A JavaFX feature called binding addresses this use case. Because JavaFX properties are observable, they can participate in binding expressions. Binding means that you specify a JavaFX property as dependent on another JavaFX property’s value. Binding expressions can be simple, or they can involve many properties in a cascade of property updates initiated perhaps by just one property changing its value (a program’s butterfly effect). Binding is a powerful feature in JavaFX that lets you succinctly express dependencies among object properties in applications without defining or registering listeners. Let’s look at some examples.

Unidirectional Binding

To bind one JavaFX property to another, use method bind() with a JavaFX property.
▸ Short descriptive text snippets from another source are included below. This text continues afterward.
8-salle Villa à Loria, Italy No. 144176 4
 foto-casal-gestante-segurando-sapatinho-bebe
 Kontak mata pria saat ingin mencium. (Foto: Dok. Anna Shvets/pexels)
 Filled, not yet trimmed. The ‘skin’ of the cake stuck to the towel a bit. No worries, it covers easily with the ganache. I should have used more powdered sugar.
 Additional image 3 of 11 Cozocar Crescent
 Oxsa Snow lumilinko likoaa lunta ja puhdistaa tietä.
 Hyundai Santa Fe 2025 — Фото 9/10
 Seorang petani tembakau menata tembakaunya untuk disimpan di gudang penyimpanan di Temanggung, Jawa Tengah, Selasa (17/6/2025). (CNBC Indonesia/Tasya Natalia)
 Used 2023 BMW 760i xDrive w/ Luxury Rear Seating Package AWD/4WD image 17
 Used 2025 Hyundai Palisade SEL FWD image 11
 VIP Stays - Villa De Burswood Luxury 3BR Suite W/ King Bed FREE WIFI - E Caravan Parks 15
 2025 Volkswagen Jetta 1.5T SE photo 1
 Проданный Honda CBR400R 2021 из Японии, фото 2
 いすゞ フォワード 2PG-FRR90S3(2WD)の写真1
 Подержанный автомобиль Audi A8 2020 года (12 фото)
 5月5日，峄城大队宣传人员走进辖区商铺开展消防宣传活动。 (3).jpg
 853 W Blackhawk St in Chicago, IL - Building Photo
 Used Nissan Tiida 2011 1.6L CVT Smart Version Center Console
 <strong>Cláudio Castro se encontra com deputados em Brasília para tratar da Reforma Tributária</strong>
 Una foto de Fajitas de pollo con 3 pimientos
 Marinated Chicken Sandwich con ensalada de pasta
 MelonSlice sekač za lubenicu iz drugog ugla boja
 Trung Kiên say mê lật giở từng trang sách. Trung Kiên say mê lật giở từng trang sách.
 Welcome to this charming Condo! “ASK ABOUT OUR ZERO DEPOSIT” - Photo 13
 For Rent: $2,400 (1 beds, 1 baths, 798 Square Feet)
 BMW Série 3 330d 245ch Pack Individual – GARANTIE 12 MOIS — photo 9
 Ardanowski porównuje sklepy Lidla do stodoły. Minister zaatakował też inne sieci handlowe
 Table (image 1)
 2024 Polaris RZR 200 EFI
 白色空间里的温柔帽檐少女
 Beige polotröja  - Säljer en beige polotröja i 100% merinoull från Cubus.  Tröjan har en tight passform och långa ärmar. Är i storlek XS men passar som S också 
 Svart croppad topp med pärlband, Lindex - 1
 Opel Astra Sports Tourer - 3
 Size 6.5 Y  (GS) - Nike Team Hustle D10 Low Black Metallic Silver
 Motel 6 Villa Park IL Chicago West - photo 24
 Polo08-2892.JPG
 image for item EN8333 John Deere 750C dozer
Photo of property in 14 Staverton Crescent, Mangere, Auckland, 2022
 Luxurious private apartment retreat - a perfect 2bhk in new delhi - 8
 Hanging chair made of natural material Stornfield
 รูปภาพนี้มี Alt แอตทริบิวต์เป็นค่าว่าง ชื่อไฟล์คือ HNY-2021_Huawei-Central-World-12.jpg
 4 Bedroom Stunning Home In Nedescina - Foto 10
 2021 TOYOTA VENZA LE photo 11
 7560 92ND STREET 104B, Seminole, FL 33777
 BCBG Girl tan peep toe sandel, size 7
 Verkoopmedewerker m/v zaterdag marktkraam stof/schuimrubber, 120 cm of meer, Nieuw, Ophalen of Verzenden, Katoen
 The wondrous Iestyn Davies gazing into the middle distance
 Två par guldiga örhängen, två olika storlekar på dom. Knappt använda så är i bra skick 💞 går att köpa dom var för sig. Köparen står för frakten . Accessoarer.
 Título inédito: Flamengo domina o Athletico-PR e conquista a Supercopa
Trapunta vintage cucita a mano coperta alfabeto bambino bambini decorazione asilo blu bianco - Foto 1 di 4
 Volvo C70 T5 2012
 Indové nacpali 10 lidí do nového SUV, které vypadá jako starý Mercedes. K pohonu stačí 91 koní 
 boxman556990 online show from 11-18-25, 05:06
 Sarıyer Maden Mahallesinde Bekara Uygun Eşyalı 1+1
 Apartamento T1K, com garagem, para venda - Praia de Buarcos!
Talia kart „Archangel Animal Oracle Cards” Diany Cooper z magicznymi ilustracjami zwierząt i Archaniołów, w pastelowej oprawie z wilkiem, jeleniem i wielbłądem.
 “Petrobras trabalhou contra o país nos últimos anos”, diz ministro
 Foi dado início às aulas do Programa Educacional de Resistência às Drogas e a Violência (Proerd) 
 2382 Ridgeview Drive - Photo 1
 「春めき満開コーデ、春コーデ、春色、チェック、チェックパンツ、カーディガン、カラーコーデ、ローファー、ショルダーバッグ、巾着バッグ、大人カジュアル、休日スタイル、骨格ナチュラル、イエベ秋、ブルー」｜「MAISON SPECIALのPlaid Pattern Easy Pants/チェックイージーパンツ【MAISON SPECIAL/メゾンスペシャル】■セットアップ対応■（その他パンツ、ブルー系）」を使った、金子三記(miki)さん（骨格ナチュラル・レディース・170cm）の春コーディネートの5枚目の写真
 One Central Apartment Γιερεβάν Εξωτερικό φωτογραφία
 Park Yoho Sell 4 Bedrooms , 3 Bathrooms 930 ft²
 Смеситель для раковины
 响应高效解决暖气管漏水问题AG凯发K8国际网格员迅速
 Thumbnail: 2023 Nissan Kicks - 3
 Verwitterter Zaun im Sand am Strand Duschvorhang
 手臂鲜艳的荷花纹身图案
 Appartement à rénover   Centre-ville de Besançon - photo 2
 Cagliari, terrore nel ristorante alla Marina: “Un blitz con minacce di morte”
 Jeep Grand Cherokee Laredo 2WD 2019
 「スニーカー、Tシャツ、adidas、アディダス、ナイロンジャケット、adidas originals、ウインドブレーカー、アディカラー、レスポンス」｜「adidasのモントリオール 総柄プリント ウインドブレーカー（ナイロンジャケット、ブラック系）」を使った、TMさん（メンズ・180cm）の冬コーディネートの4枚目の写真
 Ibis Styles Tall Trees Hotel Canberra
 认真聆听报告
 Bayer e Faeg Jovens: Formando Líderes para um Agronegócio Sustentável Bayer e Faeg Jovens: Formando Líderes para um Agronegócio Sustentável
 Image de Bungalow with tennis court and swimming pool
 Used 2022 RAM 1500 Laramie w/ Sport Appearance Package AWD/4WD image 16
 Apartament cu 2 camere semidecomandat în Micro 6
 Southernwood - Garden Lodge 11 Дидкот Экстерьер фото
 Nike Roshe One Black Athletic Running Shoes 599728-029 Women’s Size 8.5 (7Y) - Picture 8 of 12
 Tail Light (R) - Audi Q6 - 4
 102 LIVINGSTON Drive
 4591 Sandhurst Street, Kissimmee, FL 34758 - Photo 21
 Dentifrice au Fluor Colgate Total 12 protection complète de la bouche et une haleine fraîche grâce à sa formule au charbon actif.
            circle1.radiusProperty().bind(circle2.radiusProperty());

This binding expression states that circle1’s radius property will always have the same value as circle2’s radius property. We say that circle1’s radius property is dependent on circle2’s radius property. This binding is one way; only circle1’s radius property updates when circle2’s radius property changes and not vice versa.

Binding expressions include an implicit assignment. That is, when we bind the circle1 radius property to circle2’s radius property, the update to circle1’s radius property occurs when the bind() method is invoked.

When you bind a property, you cannot change that property’s value with a setter.

            circle1.setRadius(someValue);         // can’t do this

There are some restrictions with binding. Attempting to define a circular binding results in a stack overflow. Attempting to set a bound property results in a runtime exception.

            java.lang.RuntimeException: A bound value cannot be set.

Let’s show you an example program with binding now. Listing 3.12 defines two Circle objects, circle1 and circle2. This time, instead of an InvalidationListener or ChangeListener that tracks changes to circle2 and then updates circle1, we bind circle1’s radius property to circle2’s radius property.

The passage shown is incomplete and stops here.